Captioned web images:
--- START ---
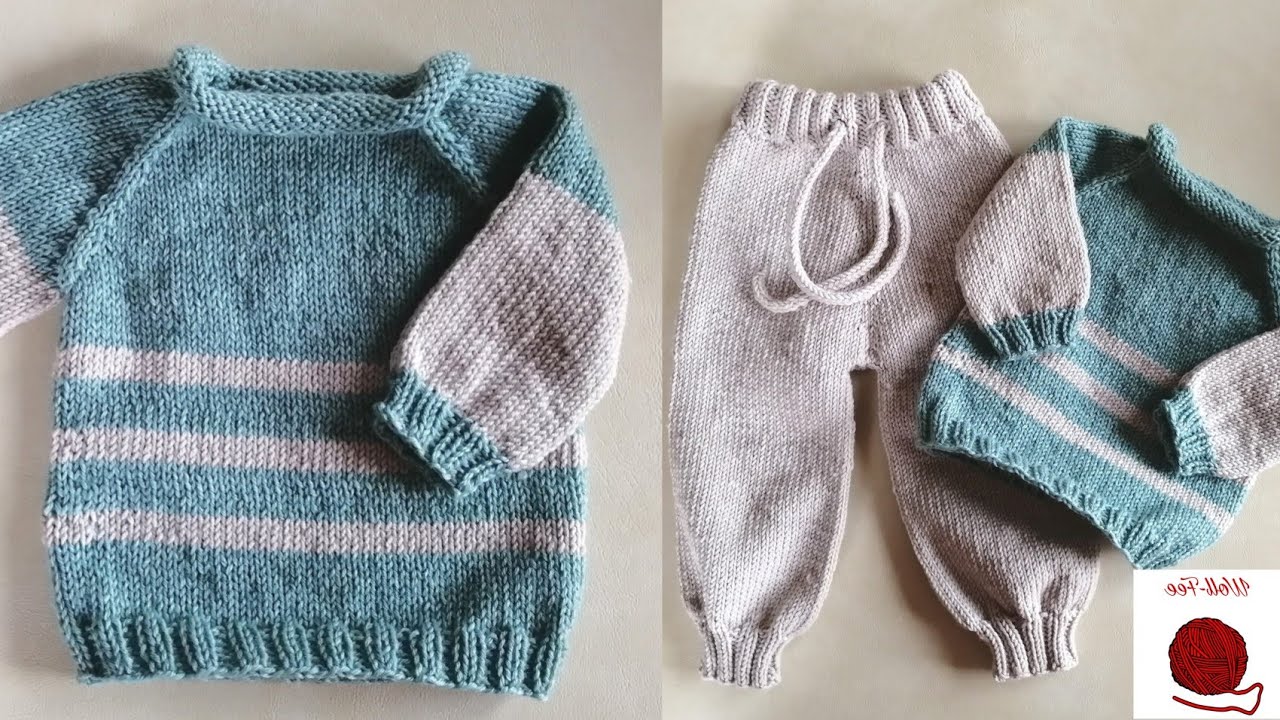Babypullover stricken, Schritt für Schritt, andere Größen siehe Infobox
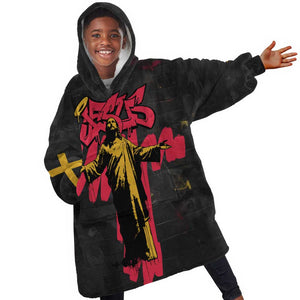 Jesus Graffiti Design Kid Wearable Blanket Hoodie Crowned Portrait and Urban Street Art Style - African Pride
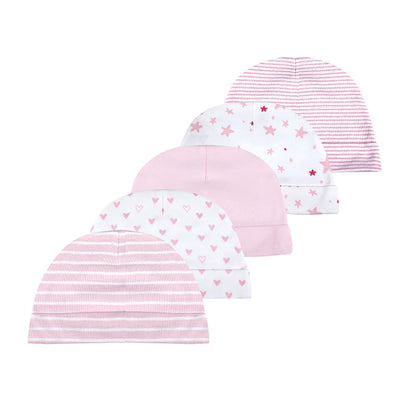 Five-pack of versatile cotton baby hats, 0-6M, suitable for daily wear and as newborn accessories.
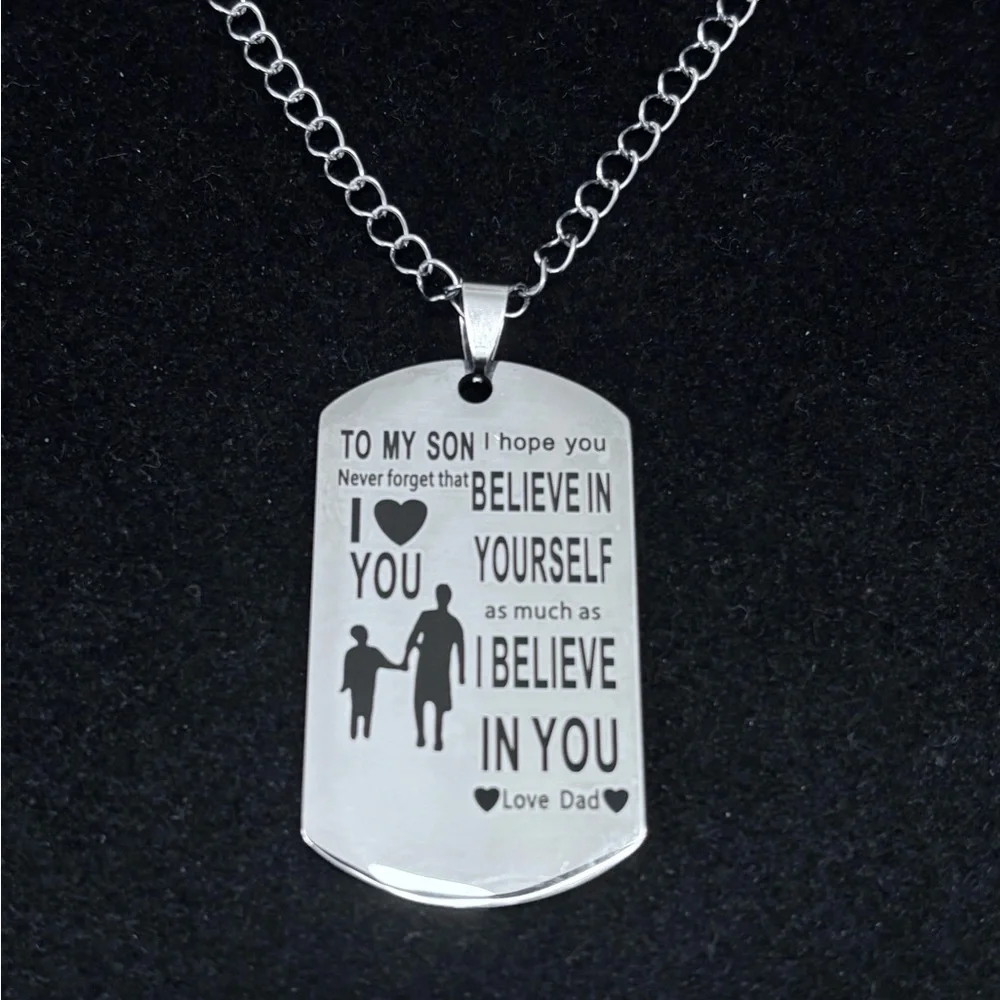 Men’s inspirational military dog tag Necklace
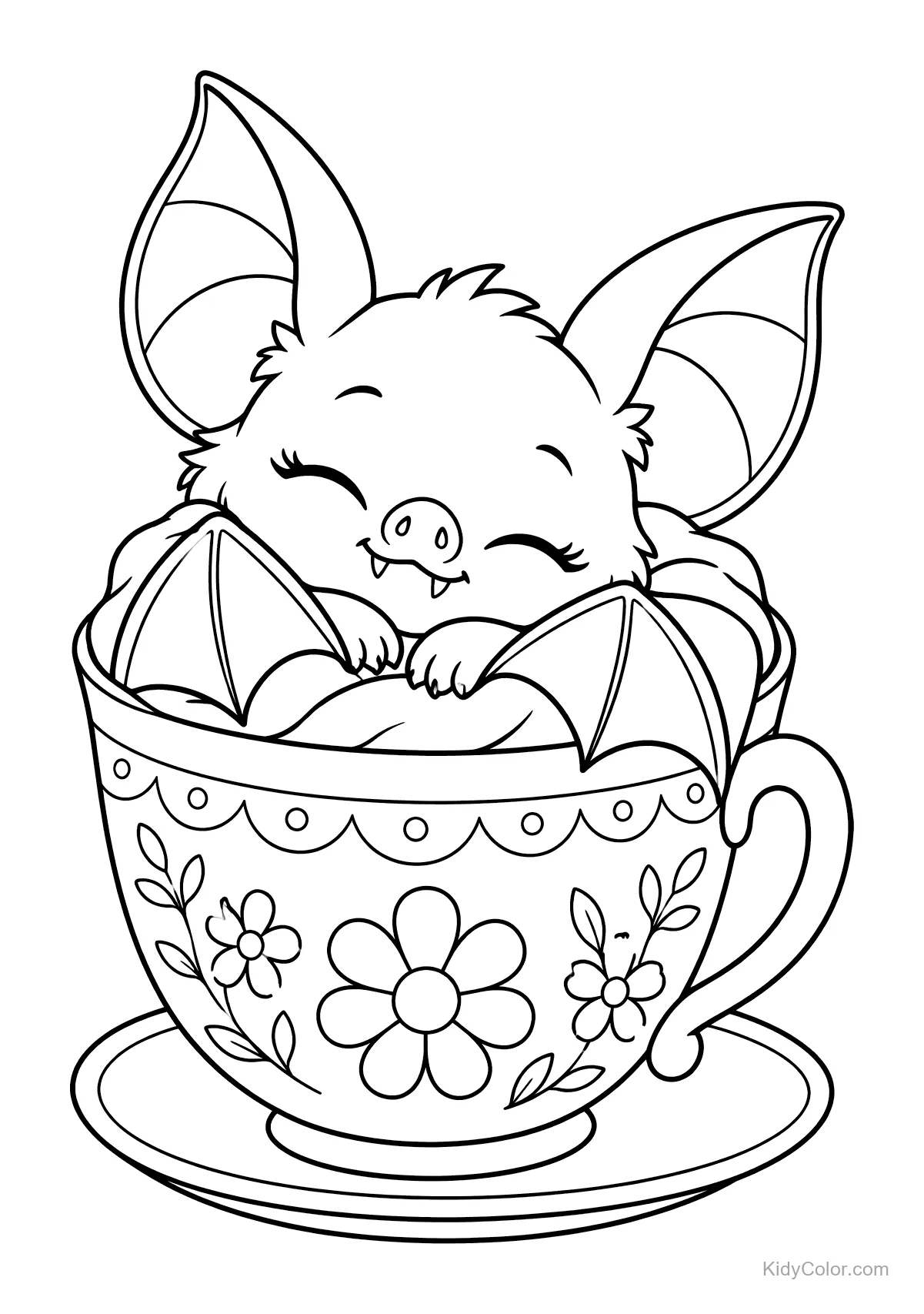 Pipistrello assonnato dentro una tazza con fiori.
--- END ---
__WHAT IS BEING ASKED__: Only the lines from the line that contains "Jesus Graffiti Design" through the end of the entries are to be written out, exactly and without pictures, both ends included.

__RESULT OF THIS EXERCISE__:
 Jesus Graffiti Design Kid Wearable Blanket Hoodie Crowned Portrait and Urban Street Art Style - African Pride
 Five-pack of versatile cotton baby hats, 0-6M, suitable for daily wear and as newborn accessories.
 Men’s inspirational military dog tag Necklace
 Pipistrello assonnato dentro una tazza con fiori.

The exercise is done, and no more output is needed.